++++ EXTRACTED MATERIAL

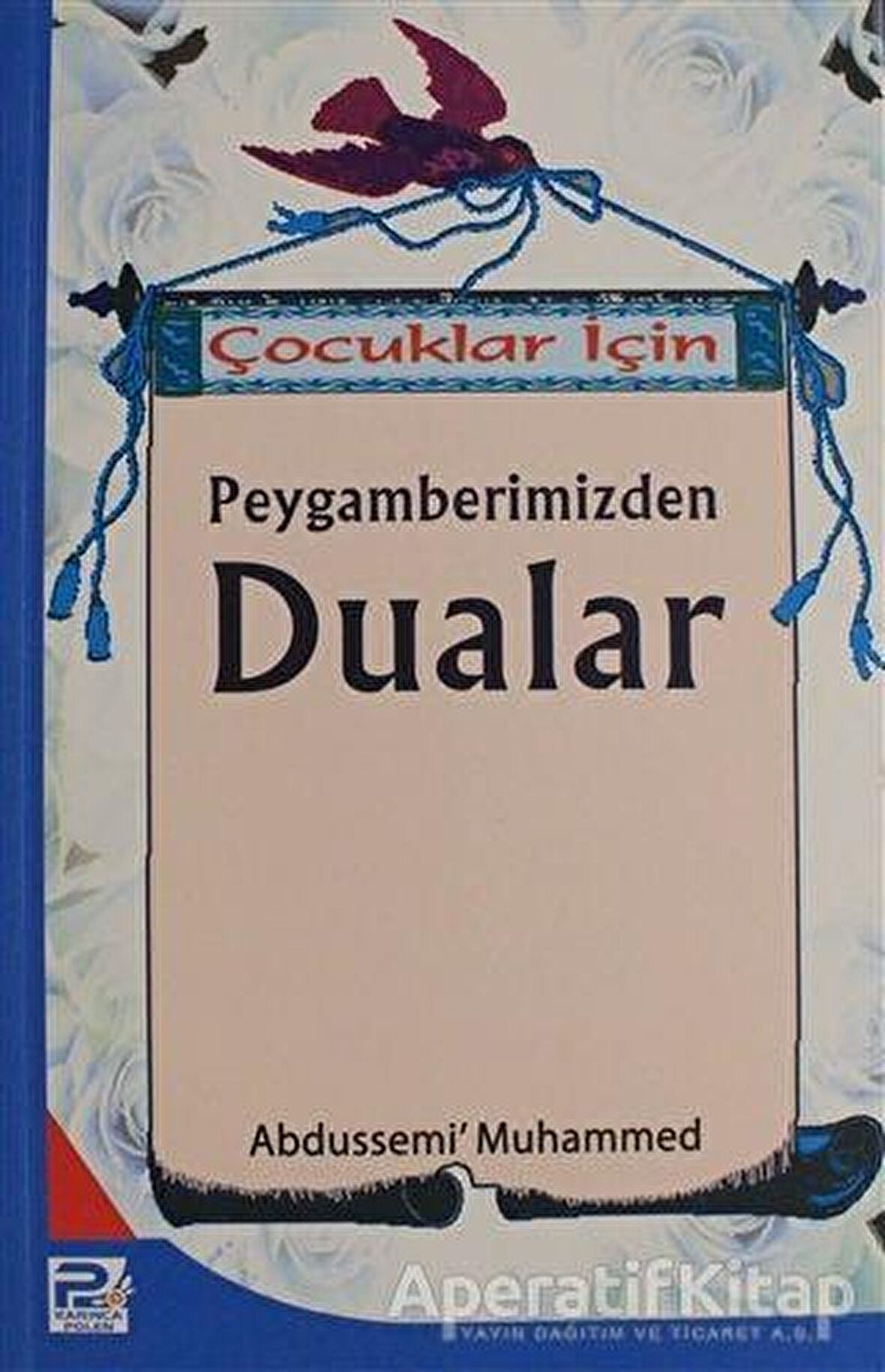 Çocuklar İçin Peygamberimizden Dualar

++++++++
++++ EXTRACTED MATERIAL

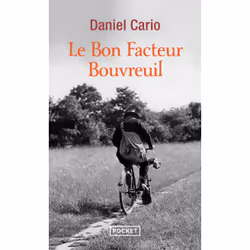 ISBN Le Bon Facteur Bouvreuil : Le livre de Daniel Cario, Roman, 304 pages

++++++++
++++ EXTRACTED MATERIAL

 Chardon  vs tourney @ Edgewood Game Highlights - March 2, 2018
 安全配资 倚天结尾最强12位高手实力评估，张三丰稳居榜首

++++++++

#### REQUIRED WORK
What do the lines above say from the one containing "March 2, 2018" down to the one containing "安全配资 倚天结尾最强12位高手实力评估，张三丰稳居榜首"? Return them exactly, both end lines included, and only them.

#### ANSWER TO THIS EXERCISE
 Chardon  vs tourney @ Edgewood Game Highlights - March 2, 2018
 安全配资 倚天结尾最强12位高手实力评估，张三丰稳居榜首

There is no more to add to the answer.